Tuesday, September 16, 2014

Safety

As I said in comments below, I'm not a huge fan of red light cameras. Traffic laws, and their enforcement, should be primarily about safety, not revenue "enhancements" for a municipality (also, too, all law enforcement). Sometimes the safe thing on the road isn't the legal thing, and machines or the evidence they produce can't necessarily pick up on that.

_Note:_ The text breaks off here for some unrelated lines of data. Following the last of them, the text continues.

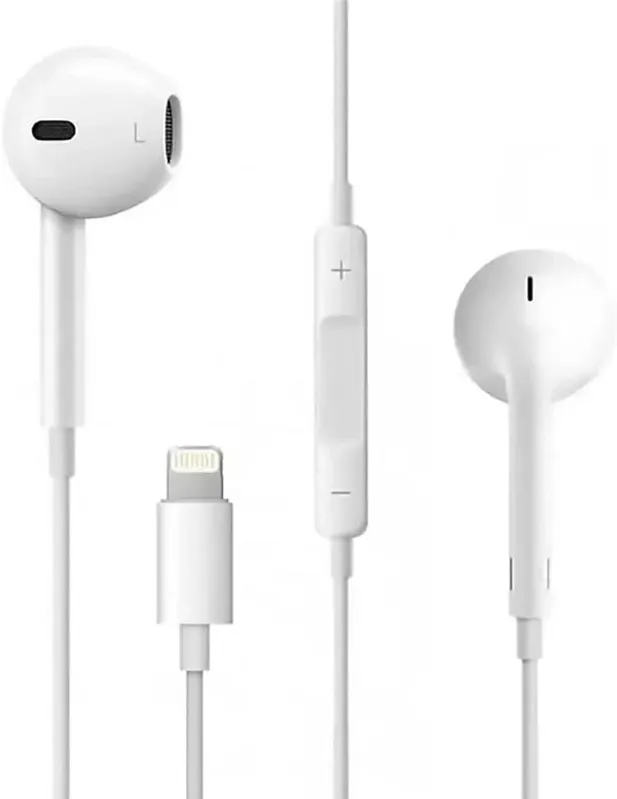 Fone De Ouvido Com Fio Microfone Para Iphone A`gold Fn-a62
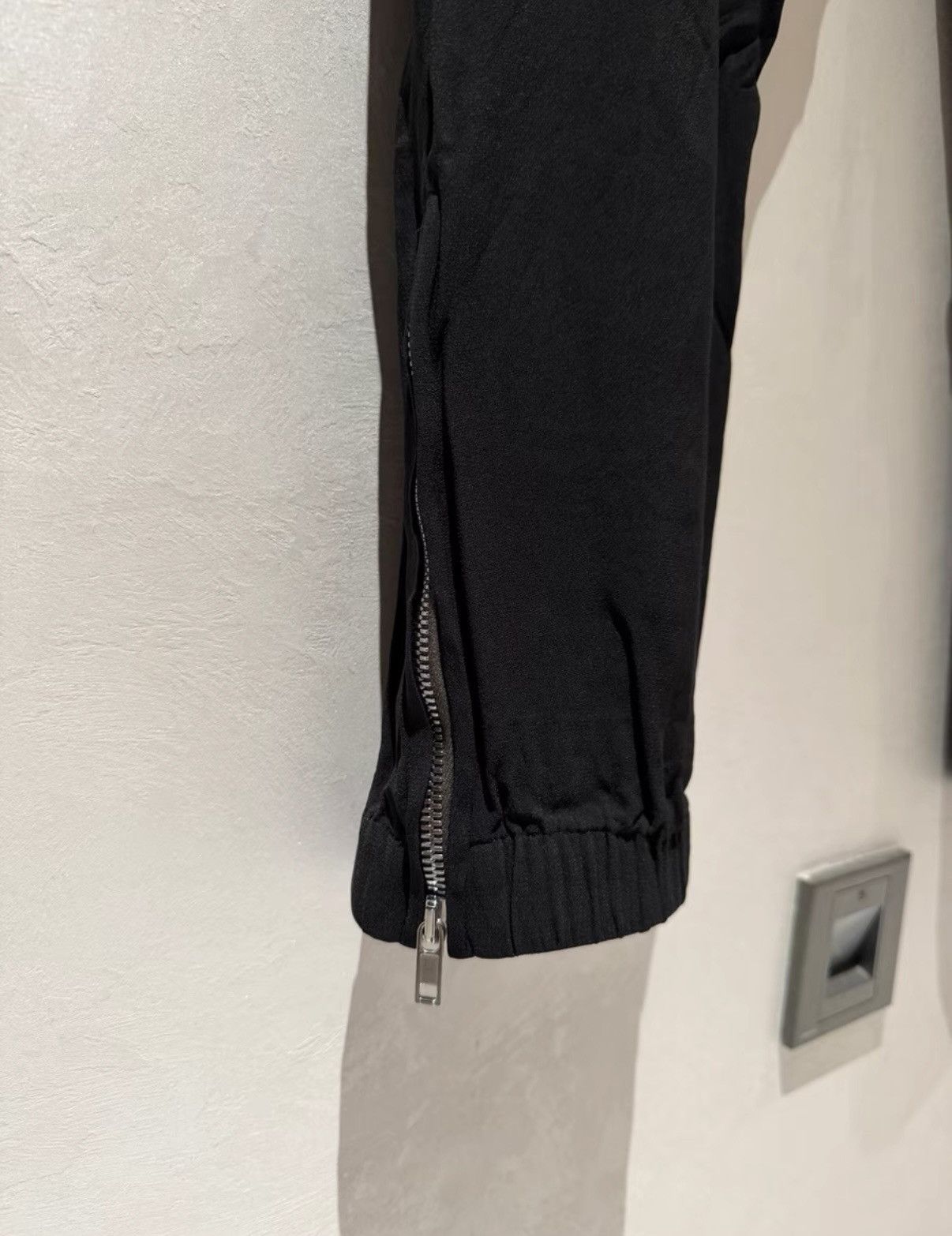 Rick Owens Rick Owens Main Line Side-Zip Drawstring Pants Size US 40 / EU 56 - 4 Thumbnail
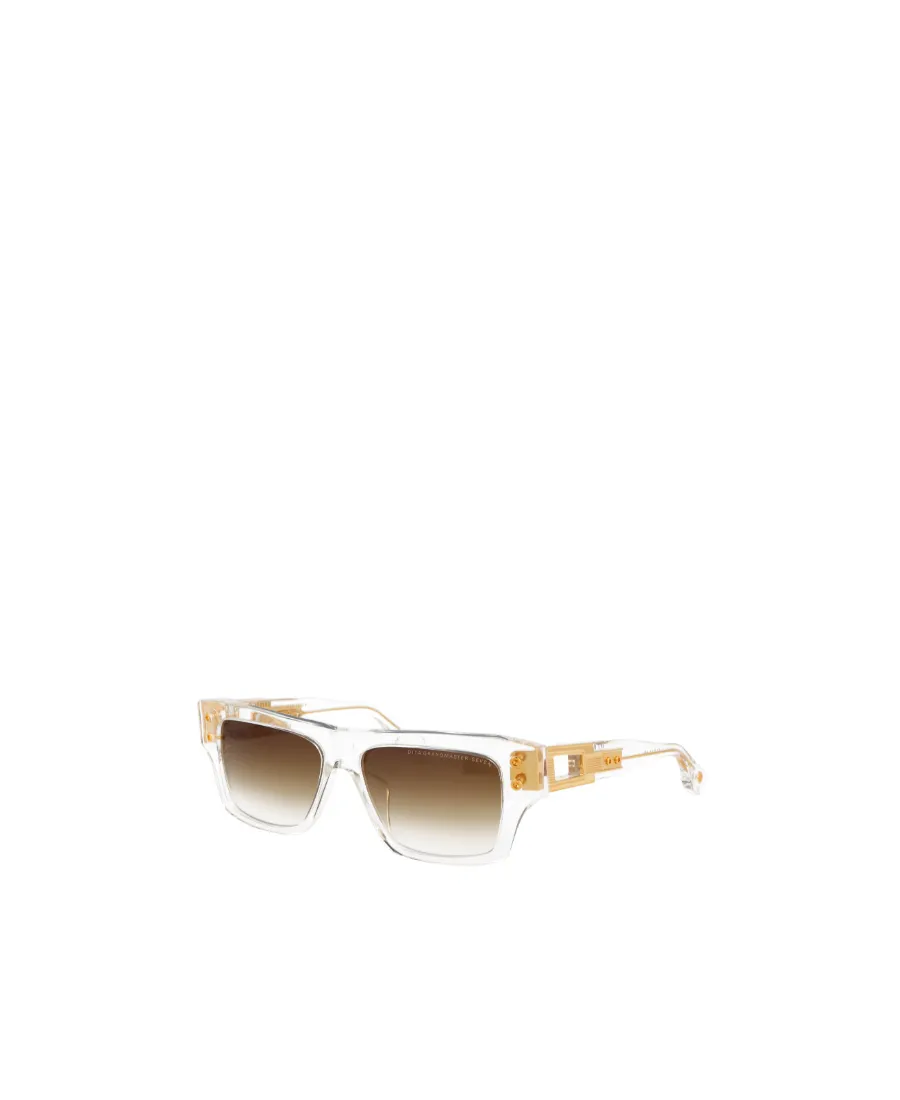 Logo Sunglasses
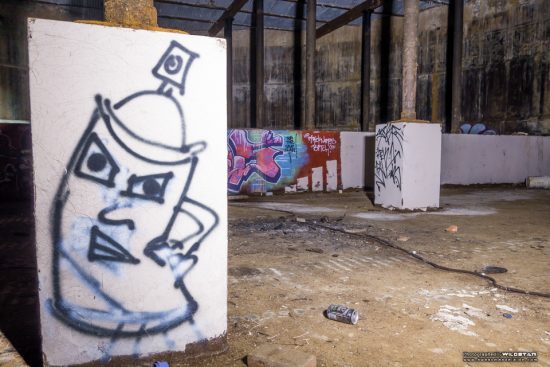 Urban Exploring McElligotts Sarcophagus — Awesome Adelaide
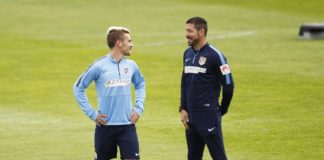 El Atleti tiene un plan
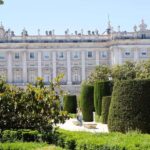 Explore Madrid in 60 minutes. Tuktour + tukguide - Key Points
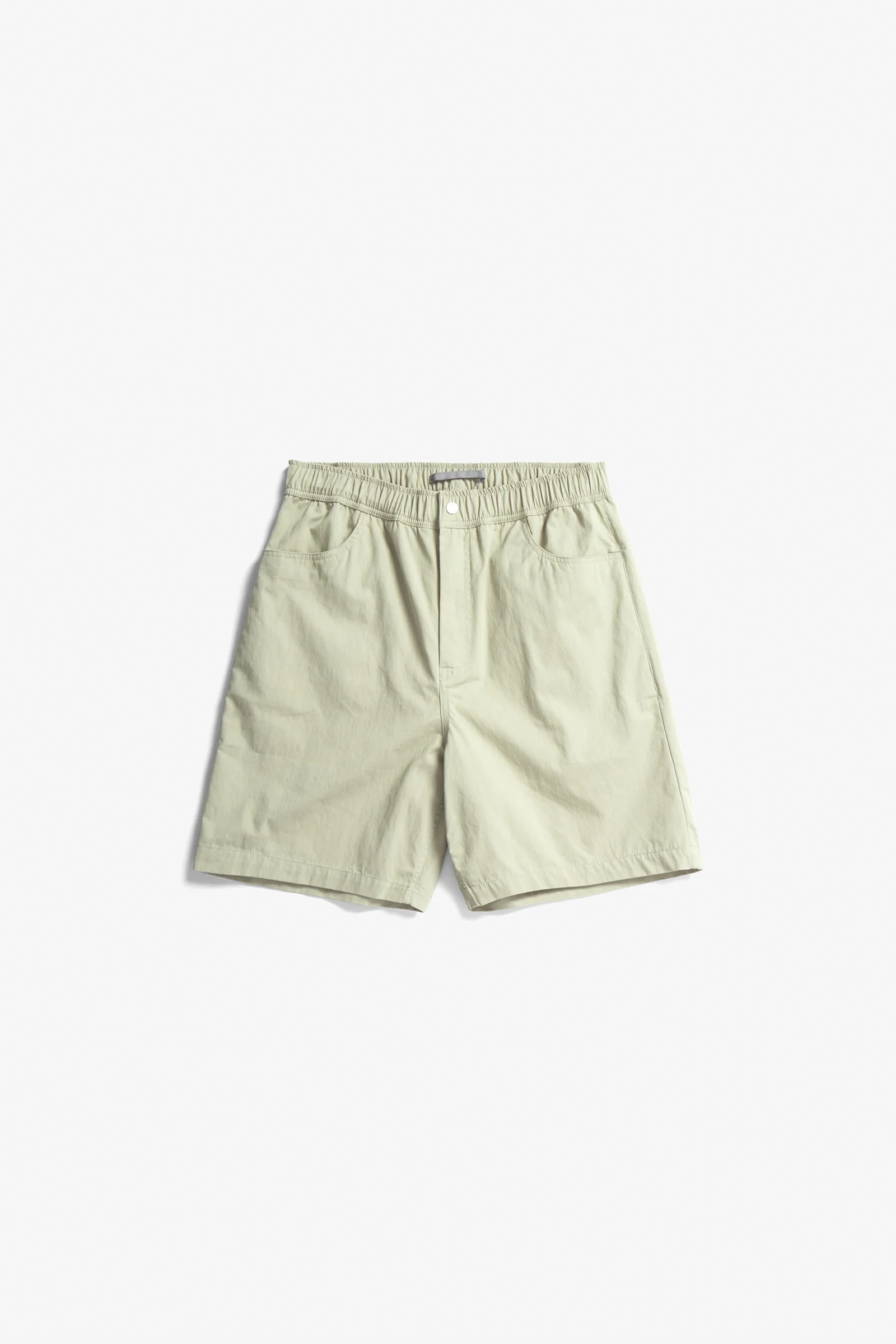 Ragnar Fine Broken Twill Shorts Elm_1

Milbank took to the twitters:



And, well, no, at some level I don't have a problem with ticketing people for going 56. But we do have some established expectations that this doesn't happen, that police generally give people a little wiggle room, and it's also the case that sometimes speeding, at least temporarily, might be the safer thing to do. If the state of PA announced tomorrow that no, we really mean it, speed limits really are a maximum, and not a suggested driving speed, then ticketing people for going 56 would be fine. The bigger issue is that driving 56 in 55 MPH zone isn't creating any kind of safety hazard. Enforcing the 55 limit so harshly wouldn't really improve safety conditions.

I actually had no idea, until today, that people (not all people) believed that rolling stops were part of our accepted driving culture. I mean, I get that people do them. I'm sure I've done them! We all do bad and dumb things sometimes. I'm sure I've driven 75 in a 55 mph zone, too, but the point is blowing through a light, even at 5mph, is much more like driving 75 than driving 56. It is a clear safety hazard, certainly for pedestrians but also for other drivers unless you truly think your senses are that perfect. If I did a rolling stop and got a ticket, I'd suck it up! I deserved it!


Drivers who do rolling stops through signs or lights to make right turns don't look for pedestrians. They're scanning for oncoming traffic from the left, and can't possibly take the time to scan for oncoming pedestrians from the right. Because they're moving. I see this regularly, noticing where heads are pointing as I'm almost hit in intersections.